Fortunately, five time British enduro champion and ACU qualified enduro coach Ady Smith has a few simple techniques that make sand riding easier and a bit more fun.

1. Get your weight distribution right

When riding in loose sand, get your weight towards the rear of the seat or get your bottom over the rear mudguard if you’re standing. Try and keep the throttle open as much as possible as, if you close the throttle, you will find the front wheel will want to bury itself, particularly if riding a four stroke with the extra engine braking.

2. Adjust the forks

Try and drop the forks through the yokes so there is less of the fork above the top yoke. By doing this you will make the bike feel slightly high at the front and less prone to diving and tucking in to the loose sand when cornering.

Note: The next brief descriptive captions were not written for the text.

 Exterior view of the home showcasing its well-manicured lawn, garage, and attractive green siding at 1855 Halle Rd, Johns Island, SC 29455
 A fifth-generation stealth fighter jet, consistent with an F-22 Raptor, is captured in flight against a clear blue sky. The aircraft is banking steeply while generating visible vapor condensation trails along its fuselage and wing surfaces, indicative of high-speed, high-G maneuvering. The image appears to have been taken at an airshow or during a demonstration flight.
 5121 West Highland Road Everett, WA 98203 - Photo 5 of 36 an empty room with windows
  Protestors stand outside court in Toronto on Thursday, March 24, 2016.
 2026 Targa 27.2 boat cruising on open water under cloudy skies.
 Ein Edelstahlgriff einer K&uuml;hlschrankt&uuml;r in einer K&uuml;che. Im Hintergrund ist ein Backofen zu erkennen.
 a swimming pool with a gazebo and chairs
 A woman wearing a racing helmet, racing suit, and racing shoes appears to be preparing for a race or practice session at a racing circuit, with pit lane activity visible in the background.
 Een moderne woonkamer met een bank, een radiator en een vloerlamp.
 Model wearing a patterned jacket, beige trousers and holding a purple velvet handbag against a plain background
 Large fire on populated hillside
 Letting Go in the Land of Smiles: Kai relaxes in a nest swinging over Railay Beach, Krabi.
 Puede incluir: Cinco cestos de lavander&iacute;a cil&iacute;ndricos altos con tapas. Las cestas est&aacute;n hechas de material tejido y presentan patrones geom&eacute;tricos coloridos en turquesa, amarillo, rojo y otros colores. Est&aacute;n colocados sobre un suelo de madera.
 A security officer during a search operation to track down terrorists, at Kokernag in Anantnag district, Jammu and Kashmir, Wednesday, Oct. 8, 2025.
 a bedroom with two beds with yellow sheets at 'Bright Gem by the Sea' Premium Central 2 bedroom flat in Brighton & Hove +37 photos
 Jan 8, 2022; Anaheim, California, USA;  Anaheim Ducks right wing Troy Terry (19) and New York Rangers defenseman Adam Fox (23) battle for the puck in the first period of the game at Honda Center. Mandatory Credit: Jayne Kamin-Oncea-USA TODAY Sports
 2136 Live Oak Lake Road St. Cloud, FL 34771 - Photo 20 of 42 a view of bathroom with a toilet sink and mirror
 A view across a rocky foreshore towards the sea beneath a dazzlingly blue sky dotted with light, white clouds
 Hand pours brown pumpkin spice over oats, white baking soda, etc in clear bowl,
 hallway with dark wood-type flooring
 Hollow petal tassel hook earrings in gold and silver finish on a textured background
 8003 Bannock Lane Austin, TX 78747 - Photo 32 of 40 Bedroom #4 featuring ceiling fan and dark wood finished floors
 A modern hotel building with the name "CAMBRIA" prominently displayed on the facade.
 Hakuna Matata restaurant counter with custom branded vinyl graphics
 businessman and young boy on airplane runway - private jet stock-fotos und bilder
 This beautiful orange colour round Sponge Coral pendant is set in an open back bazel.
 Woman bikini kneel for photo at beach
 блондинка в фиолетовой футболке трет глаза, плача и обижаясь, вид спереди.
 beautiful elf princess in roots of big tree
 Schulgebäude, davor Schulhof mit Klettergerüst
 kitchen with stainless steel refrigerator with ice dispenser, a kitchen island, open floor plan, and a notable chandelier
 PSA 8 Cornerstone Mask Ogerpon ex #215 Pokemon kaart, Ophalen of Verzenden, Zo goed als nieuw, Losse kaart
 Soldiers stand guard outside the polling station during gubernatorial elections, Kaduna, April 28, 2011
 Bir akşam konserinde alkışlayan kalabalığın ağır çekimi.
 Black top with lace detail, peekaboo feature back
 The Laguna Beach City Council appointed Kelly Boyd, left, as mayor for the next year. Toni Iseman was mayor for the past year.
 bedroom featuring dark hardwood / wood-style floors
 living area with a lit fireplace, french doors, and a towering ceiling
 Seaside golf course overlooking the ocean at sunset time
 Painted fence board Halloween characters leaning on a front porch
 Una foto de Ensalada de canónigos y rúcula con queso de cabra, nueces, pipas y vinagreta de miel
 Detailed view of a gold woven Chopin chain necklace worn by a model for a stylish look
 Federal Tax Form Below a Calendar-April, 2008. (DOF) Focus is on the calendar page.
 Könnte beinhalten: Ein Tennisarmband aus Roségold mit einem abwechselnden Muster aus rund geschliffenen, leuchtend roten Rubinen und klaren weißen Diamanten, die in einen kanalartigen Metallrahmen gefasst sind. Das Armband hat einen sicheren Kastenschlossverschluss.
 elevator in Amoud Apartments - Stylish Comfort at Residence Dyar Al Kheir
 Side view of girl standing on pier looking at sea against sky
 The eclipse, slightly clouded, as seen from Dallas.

3. Turning the bike on compacted sand

If the sand is hard and compacted, like sandstone or sand quarry base, you can do the opposite.  I’m 5’6” so I tend to stand on the pegs a lot of the time anyway. But the best way to turn the bike in these conditions is to stand up and get your weight over the front of the bike by leaning forward so that your head is over the top yoke. Once you’re in this position, power slide the bike by using the throttle to make the bike lose traction at the rear wheel. The closer you can get to the steering point of the bike, the better. What you are aiming to do is make the bike fish tail, while ensuring you cover the clutch at all times. As with most big trail bikes, they have a huge amount of power, especially if your bike is fuel injected. Couple this with the 90/10 road/off-road tyres and it becomes quite easy to lose grip completely and drop the bike, so be a bit easier on the throttle in this case.

4. Be prepared in the corners

When you are cornering, either sat down or standing , when you lean the bike, always put the majority of weight on the outside foot peg so that if you do have to put your foot down, you can use your inside foot easily.

5. Use an O-ring chain

If you are going to ride your bike in extremely dusty or deep sandy conditions, make sure you use a good quality O-ring chain. Ensure there’s no white chain grease on it as it will attract dust, dirt and sand to stick to it. The consequences can be that the chain tightens up as the grit and debris will get in between the teeth on both the front and rear sprocket and pack the chain out. When the bike hits a bump, the suspension will compress, causing the chain to tighten up so tight that it can snap or put so much strain on the output shaft that it can make the seal leak.

6. Make the right tyre choices

It’s worth fitting knobbly tyres if you plan on going on a long trip with a lot of sand and gravel roads rather than tarmac roads. These give added grip when the terrain is loose. It’s also worth dropping the tyre pressures a couple of PSI as this helps on the more stony and rocky parts of trails.

7. Double tube your tyres

If your bike has inner tubes (rather than having a tubeless design), you can double tube your tyres. This is where you cut an old tube around the centre and wrap it around the outside of the inflated tube. This acts as an outer skin to protect your inner tube from punctures, something you don’t want to be getting in the middle of the Sahara! You will also need to ensure the lock nut is screwed up against the valve cap to allow the tube to move inside the tyre.